Из всего этого возникает естественный вопрос, какое место в романе занимают события 1825 года и зачем, собственно, нужна десятая глава. Предполагалось, что Пушкин напишет еще шесть глав после шестой. Не случайно в первом, отдельном тетрадном издании шестой главы стоит «конец первой части». Пушкин, как мы помним, дружит с симметрическими конструкциями. Еще шесть глав нужны для того, чтобы седьмая была посвящена чтению бумаг Онегина, поездке в Москву, замужеству Татьяны. Восьмая глава почти автобиографическая. Она начинается долгим библиографическим лицейским вступлением и рассказывает о странствиях Онегина в то же время. Девятая глава должна была описывать ситуацию в России в 1825 году и участие мужа Татьяны в заговоре. Версия, что Онегин должен был принять участие в декабристском движении, настолько забавна, что ее, пожалуй, стоит разобрать отдельно. Никакой критики она не выдерживает по определению. Но на этом стоит остановиться.

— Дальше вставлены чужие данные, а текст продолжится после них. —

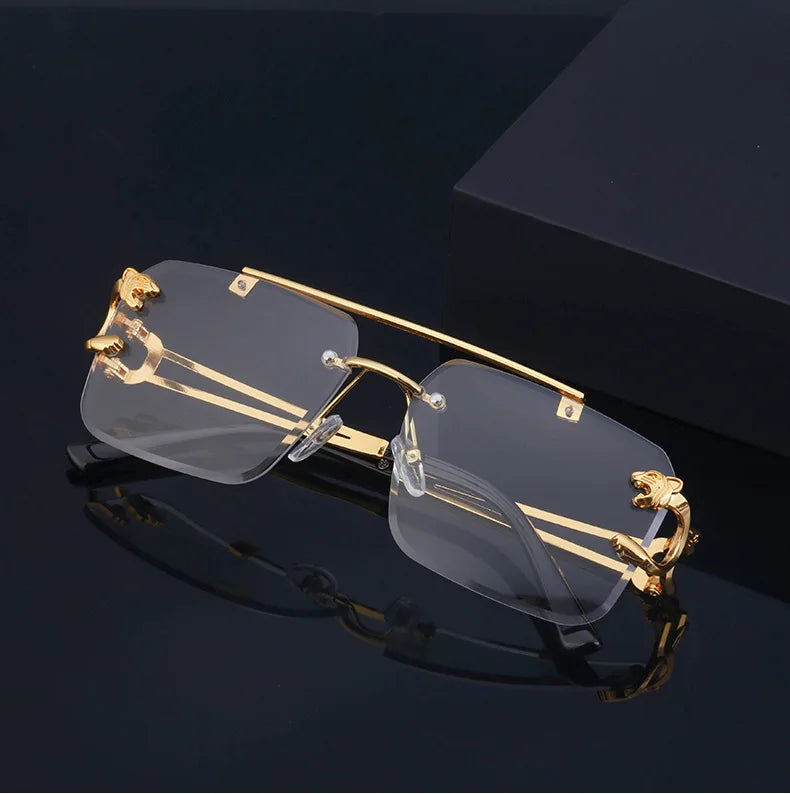 RBB 90168 Women's Fashion Metal Leopard Rimless Sunglasses – Gradient Ocean Film UV400 Double Bridge Design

Мы можем говорить, что Пушкин осуждал декабристов, что считал выступление несвоевременным, что у него были теоретические разногласия с декабристами. Но это не может спрятать одного: Пушкин им мучительно завидовал, как всегда завидовал людям, о которых сказал:


Блажен, кто понял голос строгой
Необходимости земной,
Кто в жизни шел большой дорогой,
Большой дорогой столбовой, —
Кто цель имел и к ней стремился,
Кто знал, зачем он в свет явился.

Всегда в нем жило стремление стать одним из них, стать человеком, который знает, зачем он живет. Стремление погибнуть на войне, быть в военном походе, участвовать в заговоре. Страстное желание жить, чтобы стало понятно, зачем живешь, чтобы не жалко было умереть, чтобы за дело. Литературу он таким делом не считал. Мучительная зависть к этим людям проходит через всё, что он пишет. Когда он пишет «И я бы мог» (как шут висеть, достраивает Цявловская) — это не сожаление об участи казненных и не страх перед этой участью, это утверждение, что и он был бы не хуже. Заговорщики его в свой круг не допустили, чего он никогда не мог им простить. И при этом — ни единой ноты осуждения, когда он говорит о декабристах. Более того, в тетрадях Одоевского сохранился вариант 38-й строфы в конце шестой главы, где Пушкин размышляет, как сложилась бы жизнь Ленского: «Быть может, он для блага мира, / Иль хоть для славы был рожден…» — и в конце пропущенная строка: «Иль быть повешен, как Рылеев…» Для Ленского это еще возможный вариант, но не для Онегина — человека, который выше всего ценит чужое мнение, который ни по интеллектуальным, ни по нравственным своим качествам не попадает под декабристские требования. Зато у мужа Татьяны есть решительно все для того, чтобы к декабристам примкнуть. И разумеется, Татьяна должна была повторить в романе светлый путь своего прообраза, Марии Раевской, которая в девятнадцать лет без особой любви вышла замуж за человека вдвое ее старше, а через два года последовала за ним в Сибирь и, увидев его, поцеловала его оковы.